Permanent markers are available in a wide range of colours and tip thicknesses and are commonly used for drawing and marking on poster boards for presentations. Perhaps their most useful quality is the fact they are permanent; however, at times this permanence can be a negative quality, namely if you've made a mistake in your drawing or writing. Permanent marker is difficult, but not impossible, to remove from paper.
- Skill level:
Things you need
- Denatured alcohol
- Nail polish remover
- Dry erase marker
- Glue or tape
- Correction fluid
Identify the thickness of paper and a reagent appropriate for that thickness. The success of removing permanent marker from paper heavily depends on the type of paper you have written on.
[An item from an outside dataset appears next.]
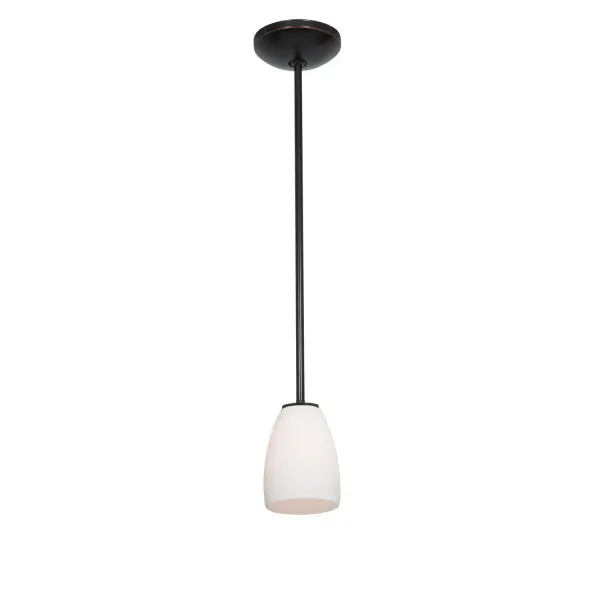 Sherry LED Pendant in Oil Rubbed Bronze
Thicker paper, such as poster board, can handle toothpaste, denatured alcohol, and nail polish remover. A dry erase marker would work best for removing permanent marker from thinner paper, such as computer paper.
Smear, wipe or draw over the ink you want to remove with your reagent of choice, be it toothpaste, denatured alcohol, nail polish remover or a dry erase marker. Leave the reagent on the ink for a few minutes.
Carefully wipe the component off the paper with a damp tissue. Ensure the tissue is only slightly wet, too wet and you can potentially tear the paper. Repeat if the marking was not completely removed from the paper.
Repeat these steps using the same reagent a second time if the ink was not completely removed, allowing the paper to dry between trials. If the ink still does not come off, try one of the other removal options.
Tips and warnings
- If removing the ink was unsuccessful or the paper is too thin, you can cover the marker so it is removed from sight. Cut a piece of paper of the same type and paste it over the permanent marker ink you want to cover. Alternatively, use correction fluid to cover the permanent marker completely and remove it from view.
- If you cannot remove the permanent marker ink and think covering it will be too obvious, you can instead try to incorporate your mistake. For example, if you meant to write "people" but for the third letter you made a straight vertical mark, change the word to "persons." Or, if the area where you made the mistake is near the border of the paper or poster, try to incorporate that mark into a border design. This may even end up making the final project more aesthetically pleasing.